### WORK ORDER
Take the line containing "din mediul rural" through the last line of the data and retype those lines exactly. Pictures do not belong in the copy.

### COLLECTED MATERIAL
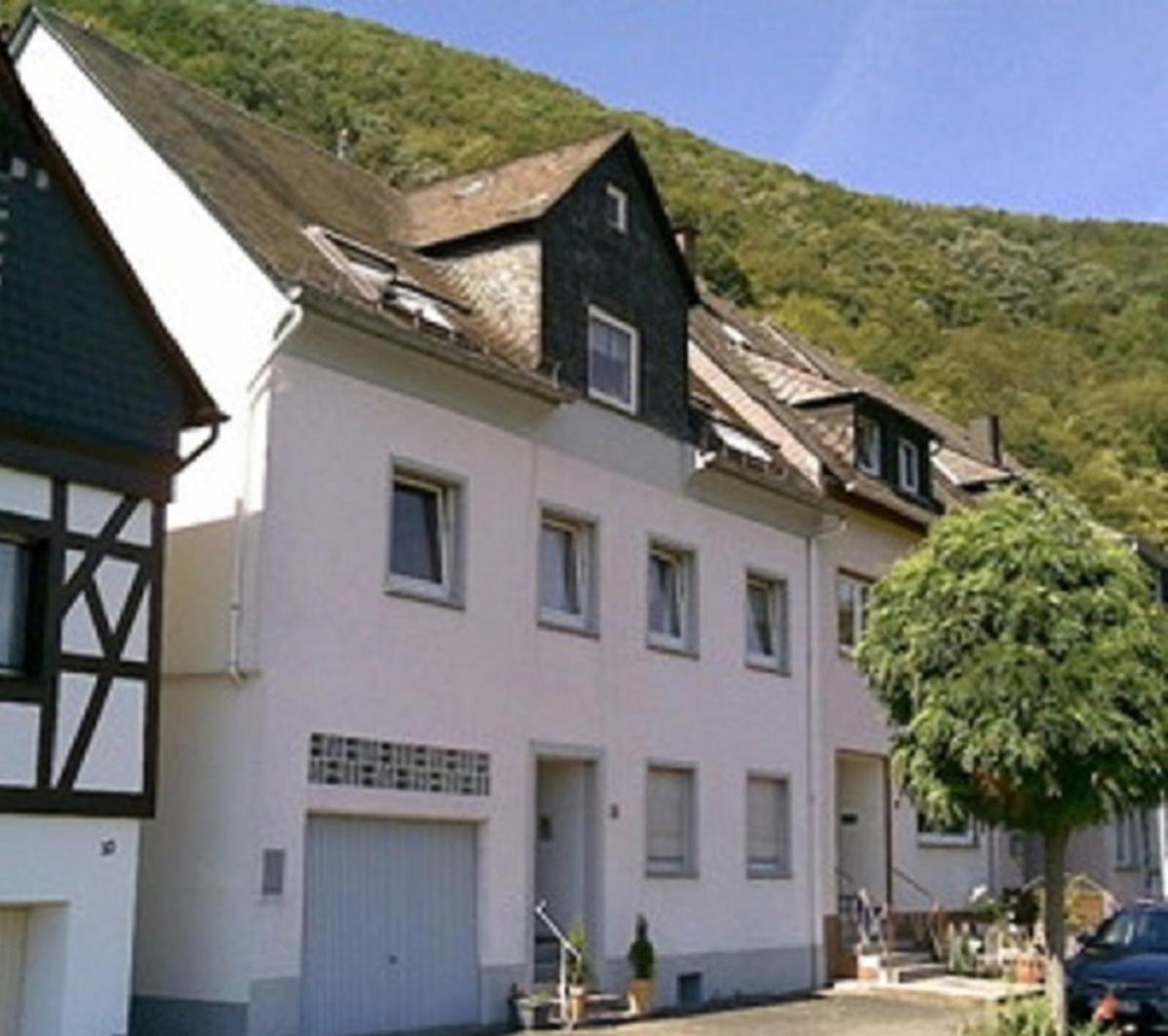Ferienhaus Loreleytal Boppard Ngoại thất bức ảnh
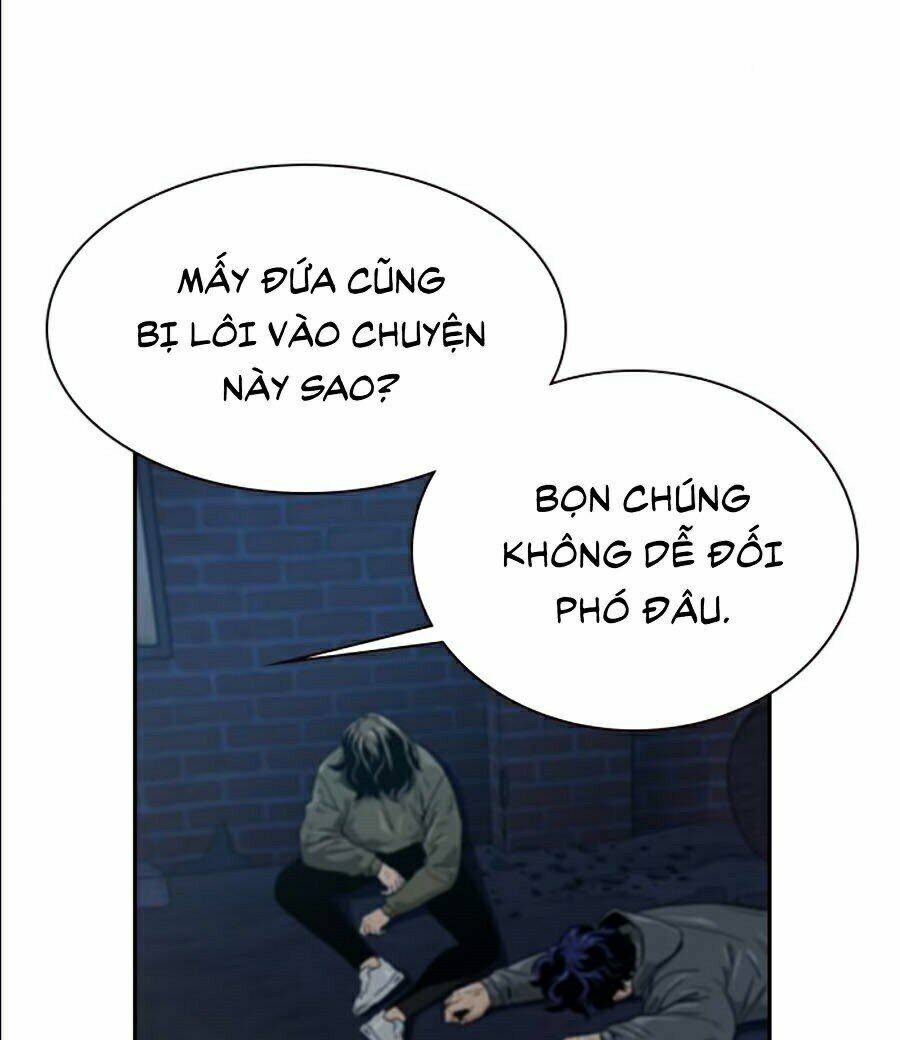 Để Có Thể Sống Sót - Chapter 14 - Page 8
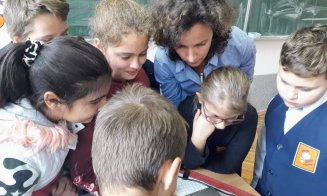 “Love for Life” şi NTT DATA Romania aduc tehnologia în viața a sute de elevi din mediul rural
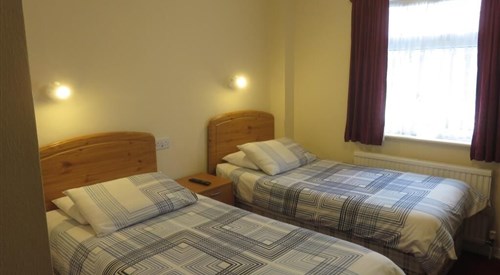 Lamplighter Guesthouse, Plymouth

### RESULT BELOW
 “Love for Life” şi NTT DATA Romania aduc tehnologia în viața a sute de elevi din mediul rural
 Lamplighter Guesthouse, Plymouth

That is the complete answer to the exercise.